• Exercise goal: I'd ask you to write out the lines below exactly, with no images.

• Supplied information:

----------------------------------------

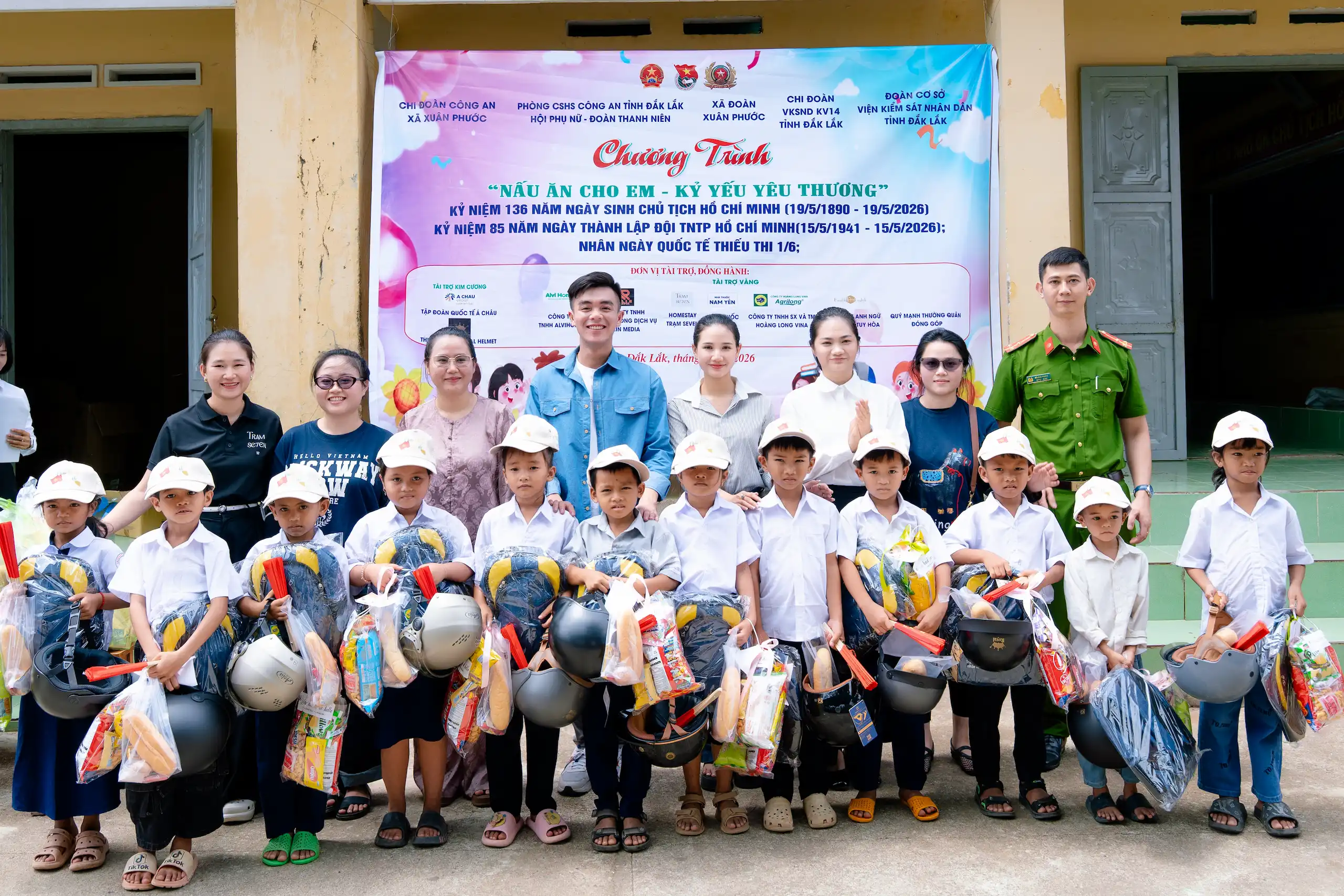 Tập đoàn quốc tế Á Châu đồng hành chương trình “nấu ăn cho em – kỷ yếu yêu thương” lan tỏa giá trị nhân văn tại Đắk Lắk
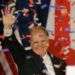 El candidato demócrata al Senador por Alabama Doug Jones saluda a sus electores y celebra su triunfo. Foto: Marvin Gentry / Reuters.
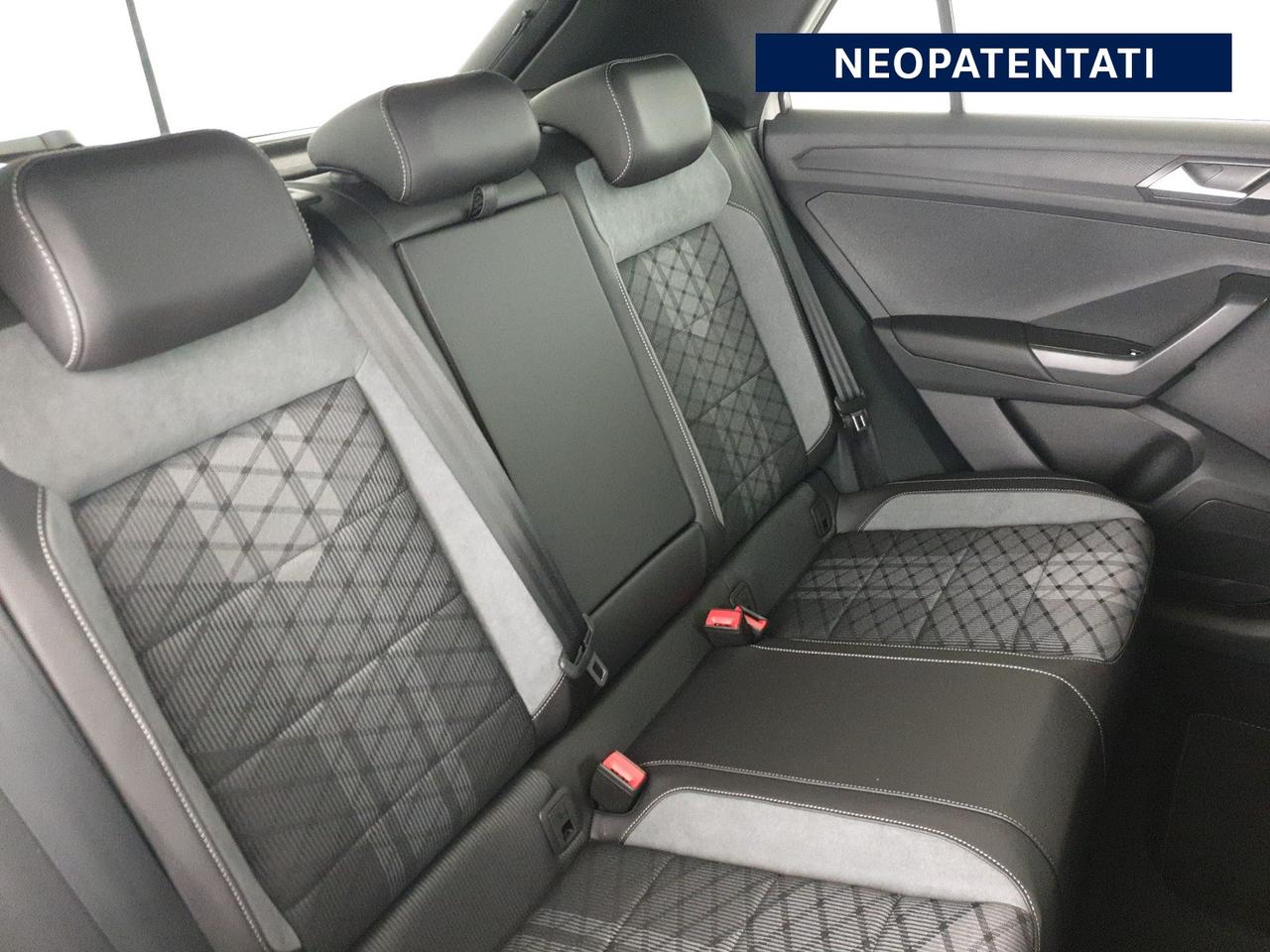 Volkswagen T-Roc 1.0 tsi r-line plus 115cv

----------------------------------------

• Expected output:
 Tập đoàn quốc tế Á Châu đồng hành chương trình “nấu ăn cho em – kỷ yếu yêu thương” lan tỏa giá trị nhân văn tại Đắk Lắk
 El candidato demócrata al Senador por Alabama Doug Jones saluda a sus electores y celebra su triunfo. Foto: Marvin Gentry / Reuters.
 Volkswagen T-Roc 1.0 tsi r-line plus 115cv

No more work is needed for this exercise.